Au palais de Saint-Joseph-de-Beauce, les avocats ont terminé leurs plaidoiries au procès de Jean-François Roy, accusé du meurtre d'un chauffeur de taxi.

Un texte de Jean-François Nadeau

L'avocat de la défense, Me Gabriel Michaud-Brière, maintient que l'accusé, âgé de 33 ans, était dans un état de psychose lorsqu'il a agressé à coups de couteau Hygin Veilleux, en novembre 2014, dans un stationnement de Beauceville.

Me Michaud-Brière soutient que son client n'était pas responsable en raison de son état mental et que l'élément déclencheur a été le départ de sa mère qui s'est rendue à l'étranger alors qu'il vivait une période trouble. Il ne prenait plus sa médication et le départ de sa mère aurait amplifié l’anxiété de Jean-François Roy, selon l’avocat.

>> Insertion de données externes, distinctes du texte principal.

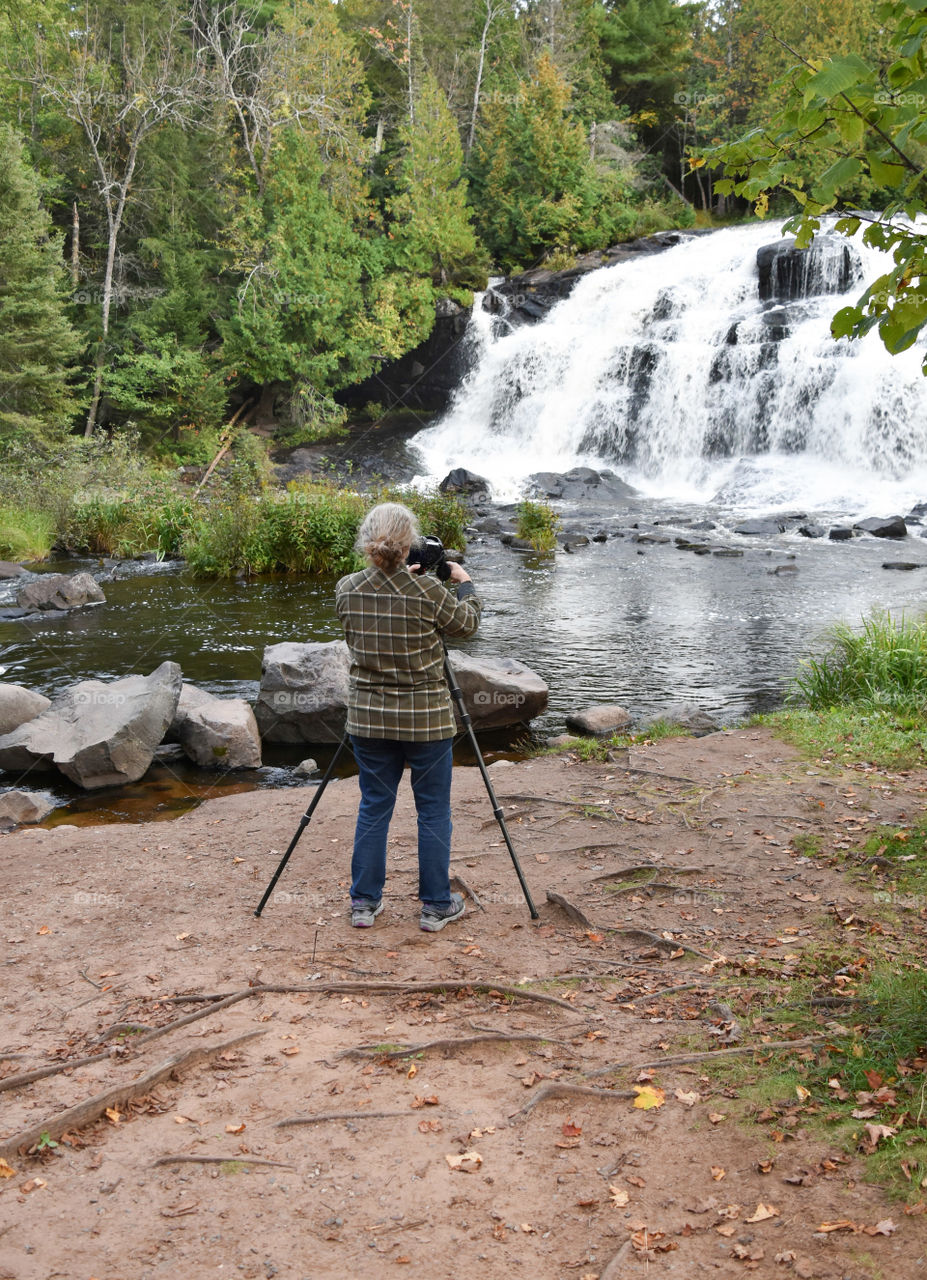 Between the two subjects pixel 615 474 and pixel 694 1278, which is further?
pixel 615 474

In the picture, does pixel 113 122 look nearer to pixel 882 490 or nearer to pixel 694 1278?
pixel 882 490

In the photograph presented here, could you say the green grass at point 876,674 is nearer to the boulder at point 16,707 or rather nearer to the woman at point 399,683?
the woman at point 399,683

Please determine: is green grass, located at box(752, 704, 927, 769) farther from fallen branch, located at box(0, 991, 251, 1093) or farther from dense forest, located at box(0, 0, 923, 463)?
dense forest, located at box(0, 0, 923, 463)

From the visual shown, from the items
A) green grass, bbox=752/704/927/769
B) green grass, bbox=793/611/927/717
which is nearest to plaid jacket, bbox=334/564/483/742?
green grass, bbox=752/704/927/769

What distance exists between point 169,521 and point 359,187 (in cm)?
1850

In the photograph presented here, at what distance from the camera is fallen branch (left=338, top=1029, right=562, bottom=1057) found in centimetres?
390

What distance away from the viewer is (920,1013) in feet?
11.9

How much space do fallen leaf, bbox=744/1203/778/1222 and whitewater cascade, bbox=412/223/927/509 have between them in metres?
19.8

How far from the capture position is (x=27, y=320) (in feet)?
81.7

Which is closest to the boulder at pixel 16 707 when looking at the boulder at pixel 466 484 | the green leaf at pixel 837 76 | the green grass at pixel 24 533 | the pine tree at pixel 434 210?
the green leaf at pixel 837 76

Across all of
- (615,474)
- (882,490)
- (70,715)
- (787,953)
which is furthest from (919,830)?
(615,474)

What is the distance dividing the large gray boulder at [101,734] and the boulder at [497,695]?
2.72 m

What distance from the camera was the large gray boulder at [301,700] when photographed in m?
9.53

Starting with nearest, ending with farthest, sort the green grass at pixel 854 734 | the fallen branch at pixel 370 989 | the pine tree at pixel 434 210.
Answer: the fallen branch at pixel 370 989
the green grass at pixel 854 734
the pine tree at pixel 434 210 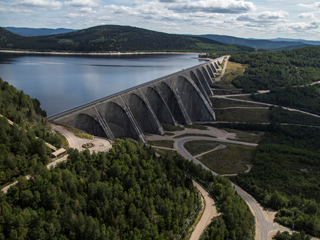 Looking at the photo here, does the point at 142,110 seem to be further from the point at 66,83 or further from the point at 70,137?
the point at 66,83

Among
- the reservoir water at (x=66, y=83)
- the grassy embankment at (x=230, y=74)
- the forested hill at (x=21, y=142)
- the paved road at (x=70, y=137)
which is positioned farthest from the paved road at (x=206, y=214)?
the grassy embankment at (x=230, y=74)

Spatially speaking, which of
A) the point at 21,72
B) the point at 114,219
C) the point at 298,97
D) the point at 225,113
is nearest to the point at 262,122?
the point at 225,113

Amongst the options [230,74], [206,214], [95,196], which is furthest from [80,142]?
[230,74]

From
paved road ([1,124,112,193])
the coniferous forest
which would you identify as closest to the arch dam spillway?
paved road ([1,124,112,193])

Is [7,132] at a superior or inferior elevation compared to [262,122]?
superior

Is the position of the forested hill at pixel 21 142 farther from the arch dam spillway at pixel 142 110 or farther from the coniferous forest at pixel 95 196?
the arch dam spillway at pixel 142 110

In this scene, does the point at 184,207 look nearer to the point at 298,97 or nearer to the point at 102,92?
the point at 102,92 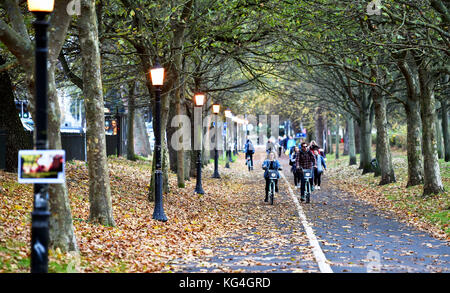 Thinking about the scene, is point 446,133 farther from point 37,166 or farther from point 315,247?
point 37,166

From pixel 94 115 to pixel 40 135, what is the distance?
542cm

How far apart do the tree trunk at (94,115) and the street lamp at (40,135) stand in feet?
16.2

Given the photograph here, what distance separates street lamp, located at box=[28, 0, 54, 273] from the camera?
21.9 feet

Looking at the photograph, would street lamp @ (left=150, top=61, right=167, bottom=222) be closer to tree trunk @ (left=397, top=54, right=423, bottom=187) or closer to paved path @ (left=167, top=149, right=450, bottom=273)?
paved path @ (left=167, top=149, right=450, bottom=273)

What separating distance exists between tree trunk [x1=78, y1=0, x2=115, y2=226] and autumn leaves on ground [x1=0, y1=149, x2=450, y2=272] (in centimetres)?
48

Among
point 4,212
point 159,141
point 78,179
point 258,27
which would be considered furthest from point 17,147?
point 258,27

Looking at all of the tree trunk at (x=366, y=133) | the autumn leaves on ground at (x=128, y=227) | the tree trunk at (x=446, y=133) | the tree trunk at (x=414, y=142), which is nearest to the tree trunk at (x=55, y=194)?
the autumn leaves on ground at (x=128, y=227)

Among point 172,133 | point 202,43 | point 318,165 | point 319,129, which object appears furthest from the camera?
point 319,129

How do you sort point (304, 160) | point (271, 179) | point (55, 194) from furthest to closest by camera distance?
point (304, 160), point (271, 179), point (55, 194)

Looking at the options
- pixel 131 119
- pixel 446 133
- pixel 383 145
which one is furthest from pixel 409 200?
pixel 446 133

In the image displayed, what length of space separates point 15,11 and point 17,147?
8866 mm

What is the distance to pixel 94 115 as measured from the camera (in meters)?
12.2

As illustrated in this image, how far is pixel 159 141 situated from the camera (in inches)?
624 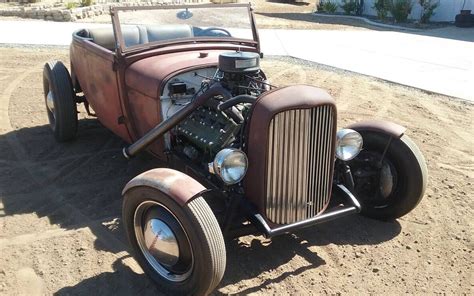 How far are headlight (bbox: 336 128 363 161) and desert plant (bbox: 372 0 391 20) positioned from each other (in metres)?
15.7

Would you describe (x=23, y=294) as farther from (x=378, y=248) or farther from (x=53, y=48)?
(x=53, y=48)

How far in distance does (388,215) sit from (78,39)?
3.54 metres

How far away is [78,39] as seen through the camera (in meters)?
4.97

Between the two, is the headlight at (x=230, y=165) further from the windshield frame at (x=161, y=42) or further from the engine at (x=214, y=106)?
the windshield frame at (x=161, y=42)

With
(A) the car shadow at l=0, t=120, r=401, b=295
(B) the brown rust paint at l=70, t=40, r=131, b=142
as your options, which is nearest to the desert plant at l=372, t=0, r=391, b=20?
(A) the car shadow at l=0, t=120, r=401, b=295

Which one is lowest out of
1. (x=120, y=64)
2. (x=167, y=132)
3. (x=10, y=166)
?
(x=10, y=166)

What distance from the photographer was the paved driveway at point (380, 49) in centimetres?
834

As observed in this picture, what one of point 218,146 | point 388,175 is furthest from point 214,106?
point 388,175

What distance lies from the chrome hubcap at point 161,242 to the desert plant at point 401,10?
16.3 metres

Le procureur de la Couronne, Me François Godin, a pour sa part fait valoir au jury qu'il s'agit plutôt d'un meurtre prémédité.

Il cite entre autres les interrogatoires au cours desquels l'accusé explique aux policiers avoir pensé la veille se fixer un défi, celui de tuer un chauffeur de taxi. Lors des événements, Jean-François Roy avait avec lui un couteau et des vêtements de rechange.

Selon la Couronne, Jean-François Roy n'était pas déconnecté de la réalité, sa pensée était cohérente et son récit des évènements lors de l'interrogatoire après son arrestation était rempli de détails corroborés par l’enquête.

Le jury a été convoqué mardi matin pour entendre les directives du juge Louis Dionne. Le jury pourrait prononcer à l’endroit de Jean-François Roy un verdict de non-responsabilité pour troubles mentaux, homicide involontaire, meurtre au deuxième degré ou meurtre prémédité.